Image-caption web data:

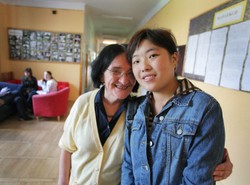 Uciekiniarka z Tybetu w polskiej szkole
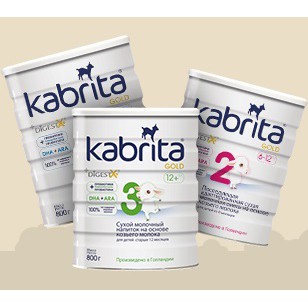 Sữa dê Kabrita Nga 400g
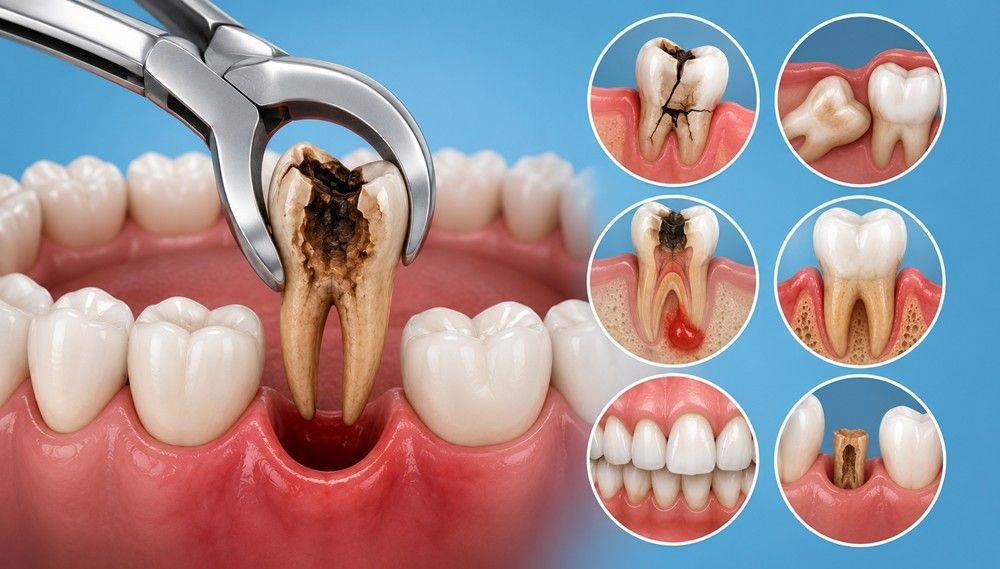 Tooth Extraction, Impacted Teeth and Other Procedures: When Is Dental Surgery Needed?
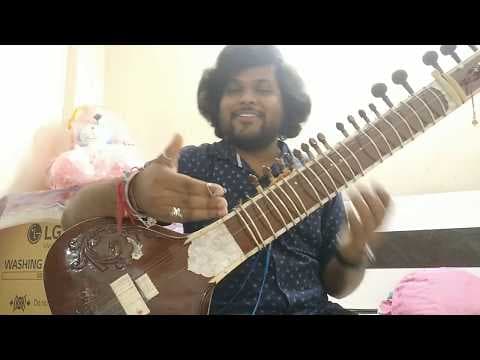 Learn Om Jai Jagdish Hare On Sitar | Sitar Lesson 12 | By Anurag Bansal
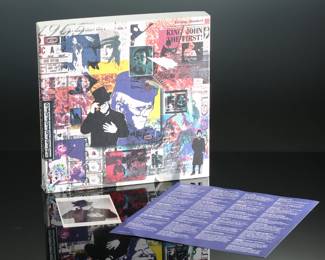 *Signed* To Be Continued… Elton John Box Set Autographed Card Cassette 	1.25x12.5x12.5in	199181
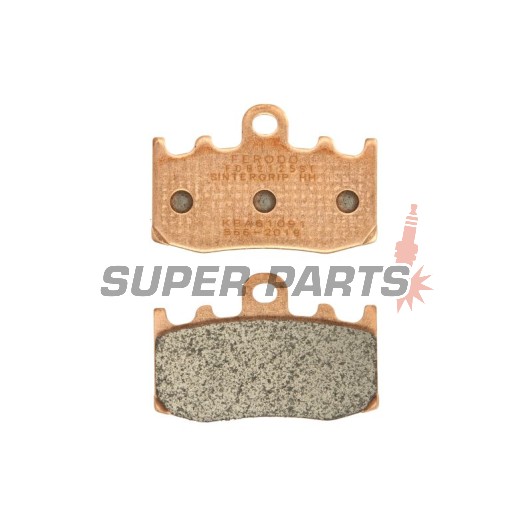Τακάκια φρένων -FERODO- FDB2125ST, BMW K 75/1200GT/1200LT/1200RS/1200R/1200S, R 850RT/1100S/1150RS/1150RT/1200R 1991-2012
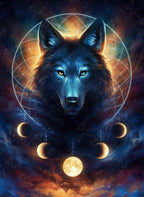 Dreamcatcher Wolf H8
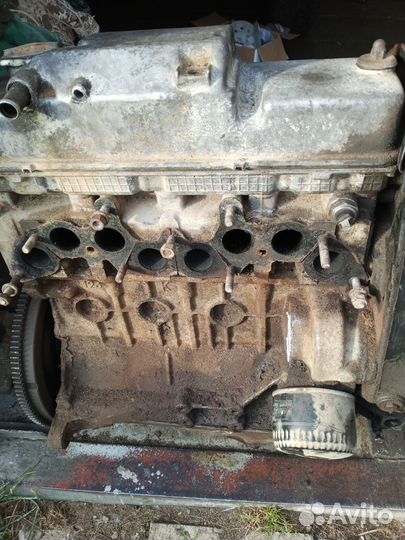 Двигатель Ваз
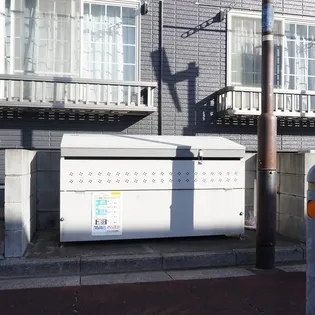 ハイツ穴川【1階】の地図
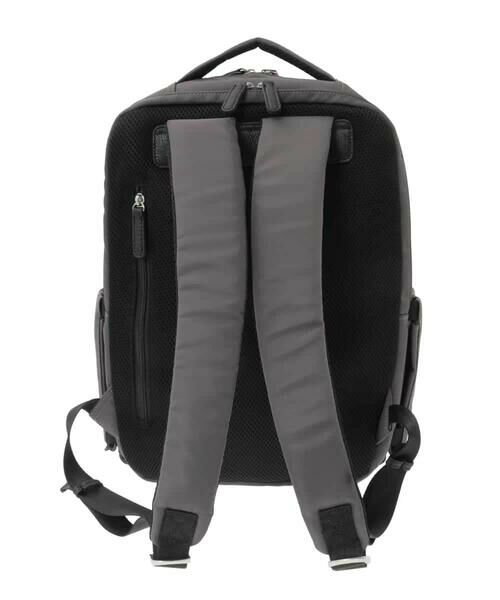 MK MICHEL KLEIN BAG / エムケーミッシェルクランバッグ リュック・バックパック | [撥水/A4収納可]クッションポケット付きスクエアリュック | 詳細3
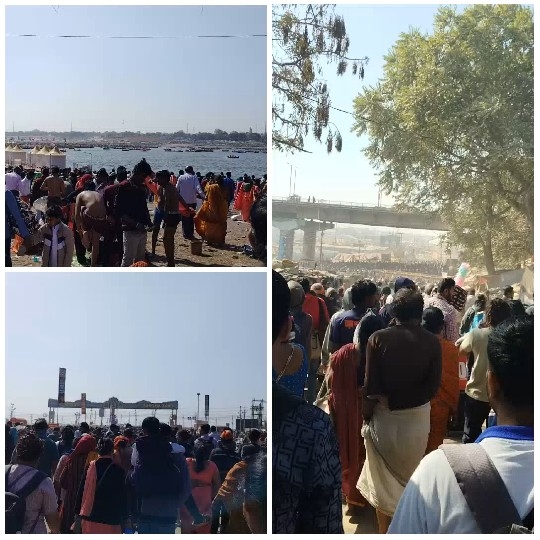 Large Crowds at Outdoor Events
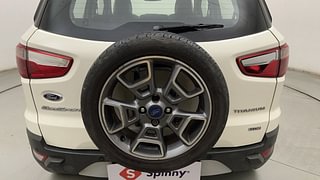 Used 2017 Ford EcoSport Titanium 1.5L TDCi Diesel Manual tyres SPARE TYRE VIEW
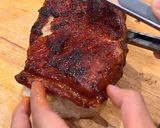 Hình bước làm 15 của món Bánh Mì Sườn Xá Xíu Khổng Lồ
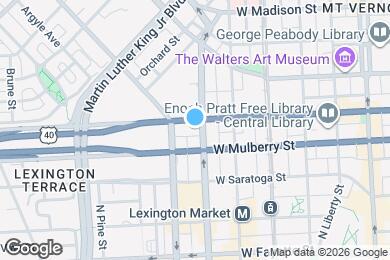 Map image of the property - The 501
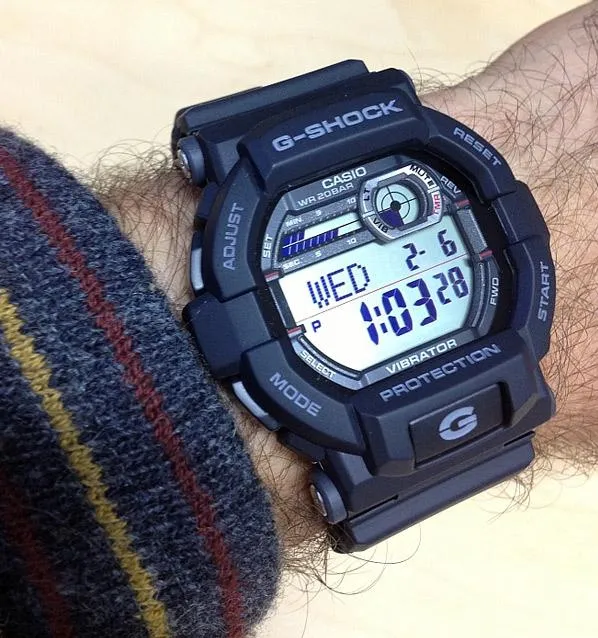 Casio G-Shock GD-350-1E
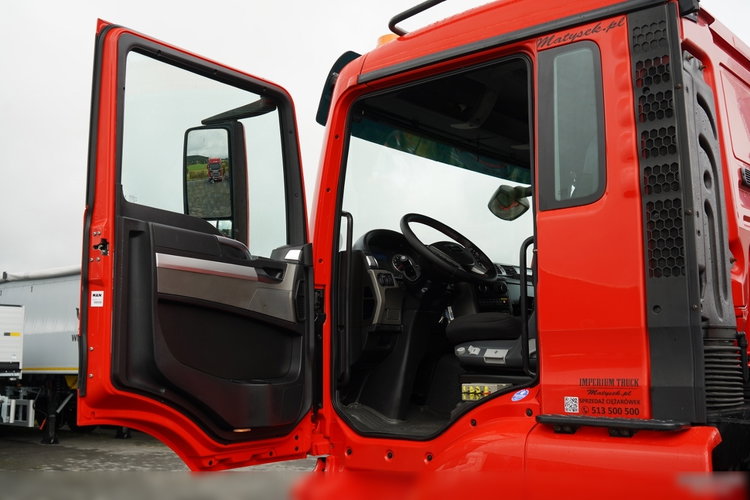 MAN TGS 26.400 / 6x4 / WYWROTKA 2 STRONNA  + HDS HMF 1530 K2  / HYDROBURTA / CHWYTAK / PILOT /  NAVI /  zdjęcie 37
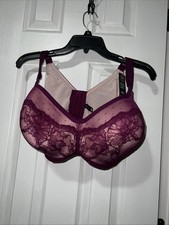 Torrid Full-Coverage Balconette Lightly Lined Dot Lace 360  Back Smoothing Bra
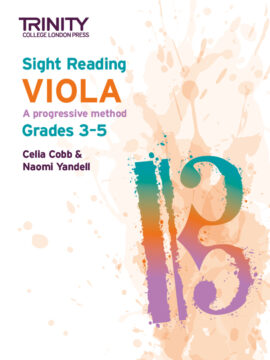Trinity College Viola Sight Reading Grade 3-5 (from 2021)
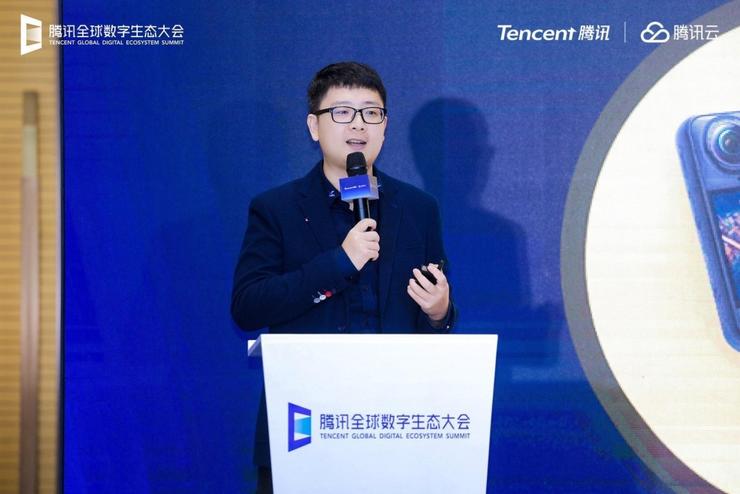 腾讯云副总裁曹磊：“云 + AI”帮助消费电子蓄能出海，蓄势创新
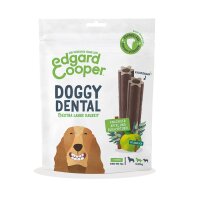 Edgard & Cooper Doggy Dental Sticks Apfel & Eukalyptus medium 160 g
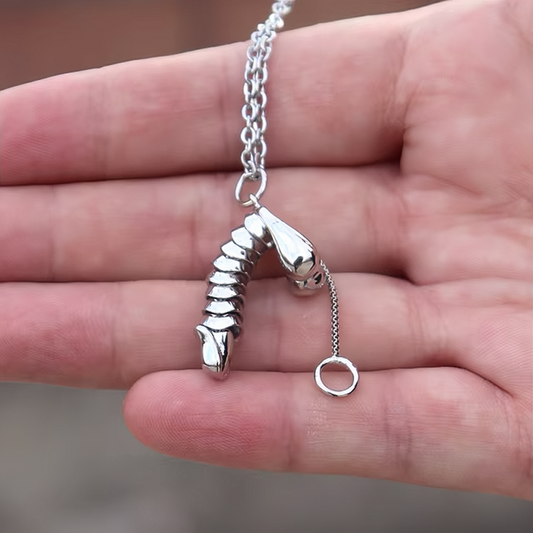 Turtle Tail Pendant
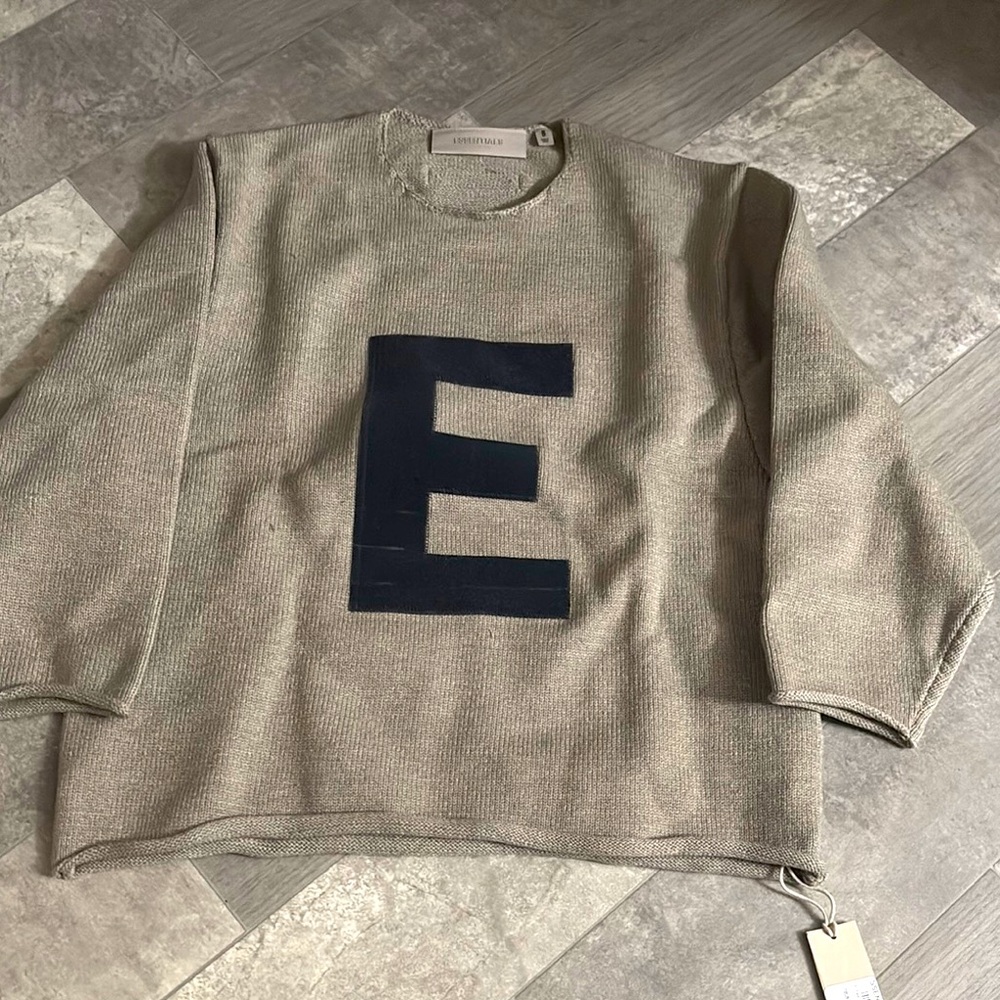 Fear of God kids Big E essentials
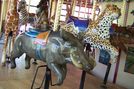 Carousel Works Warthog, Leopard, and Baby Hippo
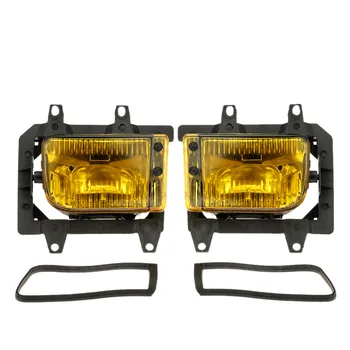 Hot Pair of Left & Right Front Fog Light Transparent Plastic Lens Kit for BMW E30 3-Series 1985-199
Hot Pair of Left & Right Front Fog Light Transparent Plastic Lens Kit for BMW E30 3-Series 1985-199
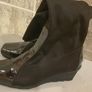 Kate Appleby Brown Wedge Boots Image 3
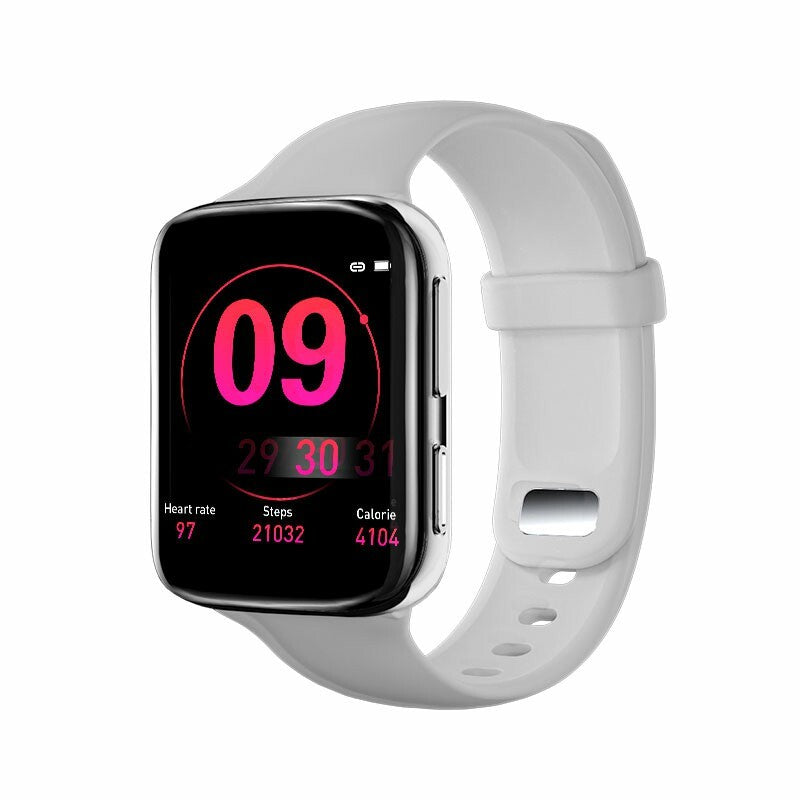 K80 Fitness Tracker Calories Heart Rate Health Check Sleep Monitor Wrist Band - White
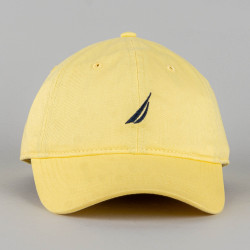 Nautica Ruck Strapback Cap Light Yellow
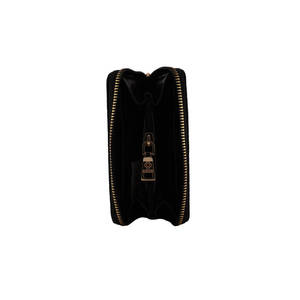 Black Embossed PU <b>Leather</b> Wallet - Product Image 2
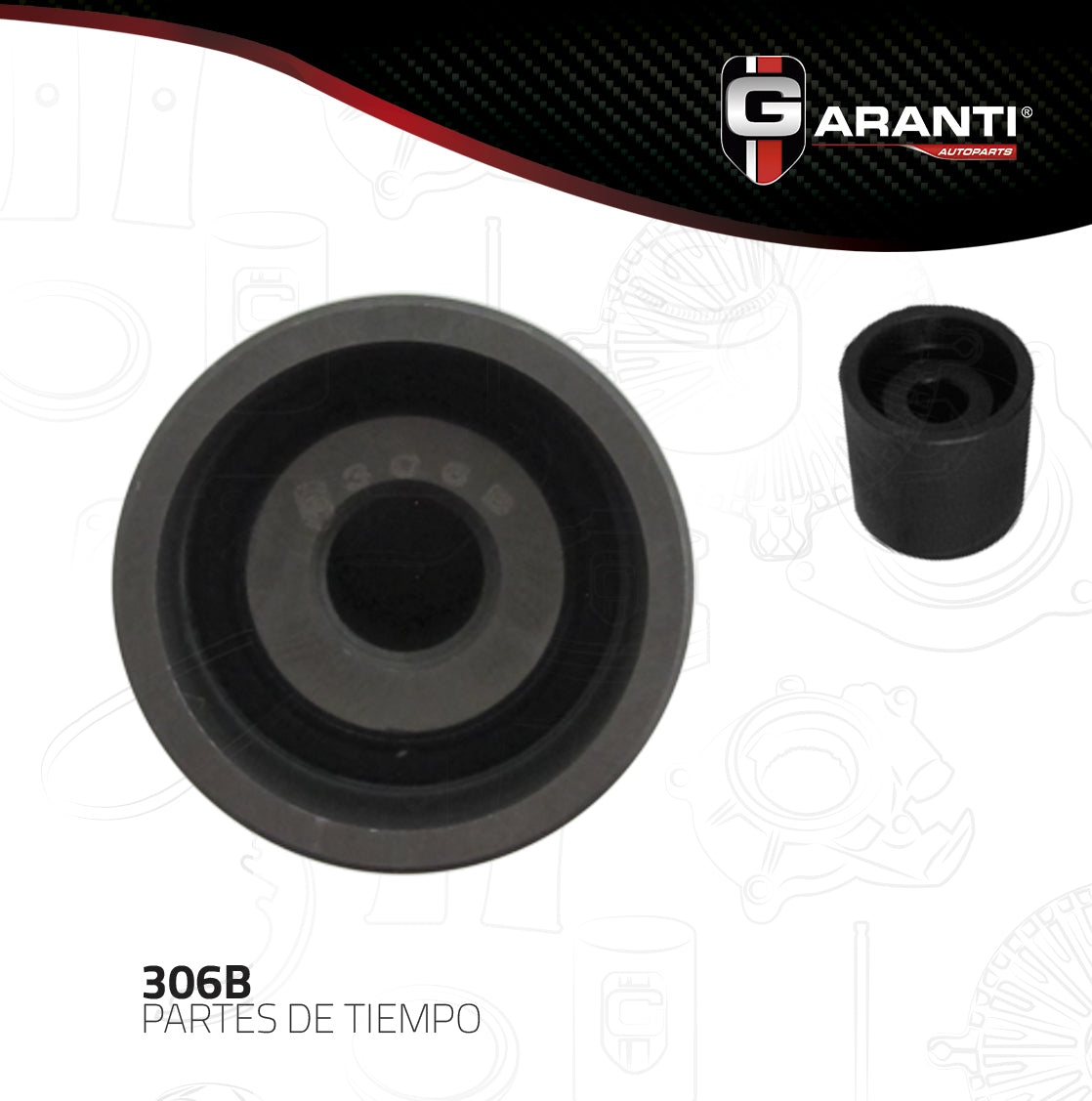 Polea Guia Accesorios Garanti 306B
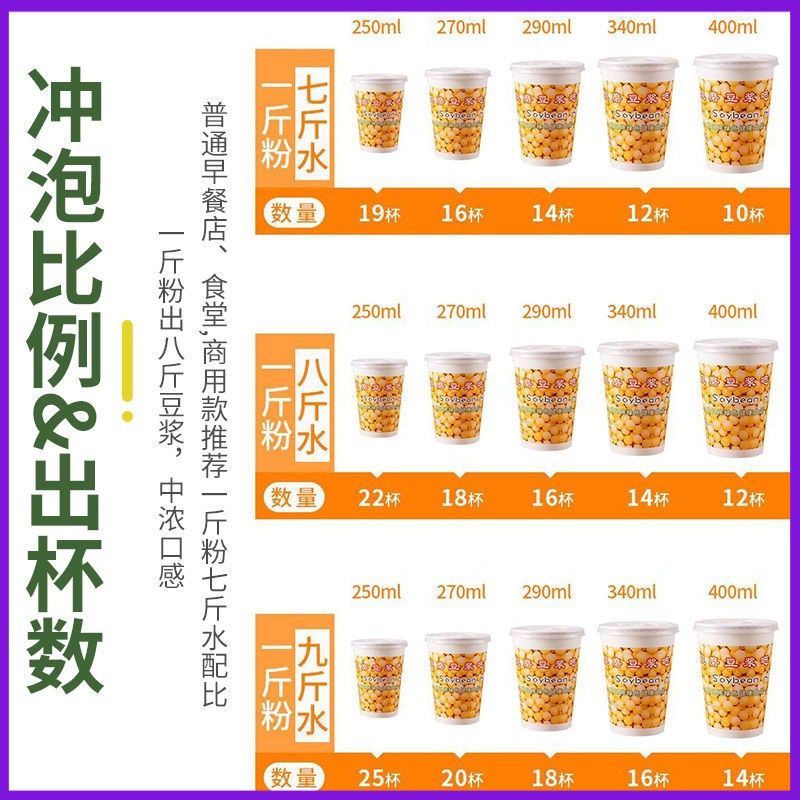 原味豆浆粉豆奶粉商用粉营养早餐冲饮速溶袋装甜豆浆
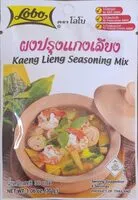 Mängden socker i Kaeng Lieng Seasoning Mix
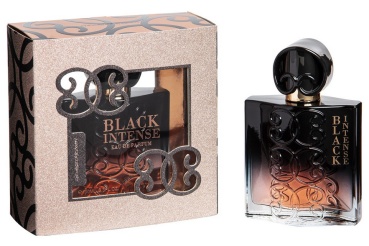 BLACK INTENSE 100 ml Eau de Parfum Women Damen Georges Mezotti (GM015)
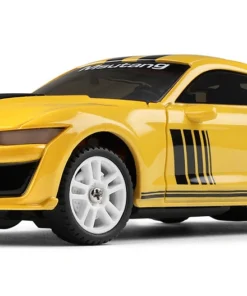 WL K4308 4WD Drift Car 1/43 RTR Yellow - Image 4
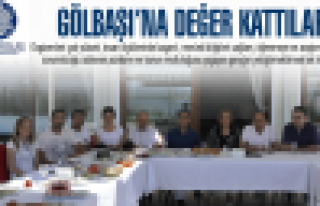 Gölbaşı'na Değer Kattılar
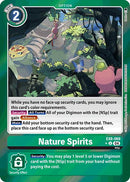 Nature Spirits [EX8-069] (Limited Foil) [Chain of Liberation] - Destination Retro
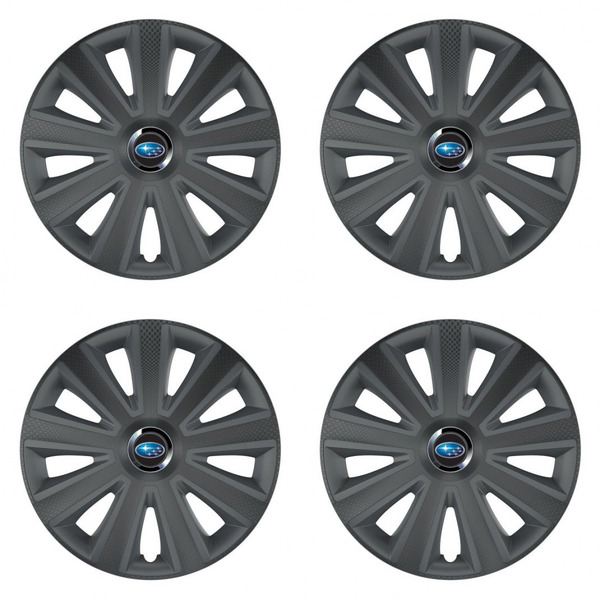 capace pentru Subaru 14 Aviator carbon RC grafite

* **What the task requires**
Although the records above contain pictures, the copy must not; set down exactly the lines from the one with "Torrid Full-Coverage Balconette" up to and including the one with "Black Embossed PU".

* **Answer below**
 Torrid Full-Coverage Balconette Lightly Lined Dot Lace 360  Back Smoothing Bra
Trinity College Viola Sight Reading Grade 3-5 (from 2021)
 腾讯云副总裁曹磊：“云 + AI”帮助消费电子蓄能出海，蓄势创新
 Edgard & Cooper Doggy Dental Sticks Apfel & Eukalyptus medium 160 g
 Turtle Tail Pendant
 Fear of God kids Big E essentials
 Carousel Works Warthog, Leopard, and Baby Hippo
 Hot Pair of Left & Right Front Fog Light Transparent Plastic Lens Kit for BMW E30 3-Series 1985-199
Hot Pair of Left & Right Front Fog Light Transparent Plastic Lens Kit for BMW E30 3-Series 1985-199
 Kate Appleby Brown Wedge Boots Image 3
 K80 Fitness Tracker Calories Heart Rate Health Check Sleep Monitor Wrist Band - White
 Nautica Ruck Strapback Cap Light Yellow
 Black Embossed PU <b>Leather</b> Wallet - Product Image 2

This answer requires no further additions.